§ RECORDS FOR THIS EXERCISE
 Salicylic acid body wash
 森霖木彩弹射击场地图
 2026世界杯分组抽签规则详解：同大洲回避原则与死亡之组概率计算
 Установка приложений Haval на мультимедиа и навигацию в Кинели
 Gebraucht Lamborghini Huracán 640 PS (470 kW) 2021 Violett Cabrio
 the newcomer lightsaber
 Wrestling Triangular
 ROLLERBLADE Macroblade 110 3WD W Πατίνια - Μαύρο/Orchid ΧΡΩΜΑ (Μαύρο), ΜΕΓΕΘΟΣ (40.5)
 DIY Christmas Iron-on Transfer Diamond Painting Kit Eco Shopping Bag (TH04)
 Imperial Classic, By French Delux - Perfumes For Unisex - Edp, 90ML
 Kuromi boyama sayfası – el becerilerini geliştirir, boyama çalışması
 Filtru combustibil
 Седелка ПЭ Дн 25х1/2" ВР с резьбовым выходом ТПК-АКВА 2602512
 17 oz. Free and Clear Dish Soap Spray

§ TASK OBJECTIVE
Every word in the records must appear in your copy exactly as it does above.

§ RESPONSE
 Salicylic acid body wash
 森霖木彩弹射击场地图
 2026世界杯分组抽签规则详解：同大洲回避原则与死亡之组概率计算
 Установка приложений Haval на мультимедиа и навигацию в Кинели
 Gebraucht Lamborghini Huracán 640 PS (470 kW) 2021 Violett Cabrio
 the newcomer lightsaber
 Wrestling Triangular
 ROLLERBLADE Macroblade 110 3WD W Πατίνια - Μαύρο/Orchid ΧΡΩΜΑ (Μαύρο), ΜΕΓΕΘΟΣ (40.5)
 DIY Christmas Iron-on Transfer Diamond Painting Kit Eco Shopping Bag (TH04)
 Imperial Classic, By French Delux - Perfumes For Unisex - Edp, 90ML
 Kuromi boyama sayfası – el becerilerini geliştirir, boyama çalışması
 Filtru combustibil
 Седелка ПЭ Дн 25х1/2" ВР с резьбовым выходом ТПК-АКВА 2602512
 17 oz. Free and Clear Dish Soap Spray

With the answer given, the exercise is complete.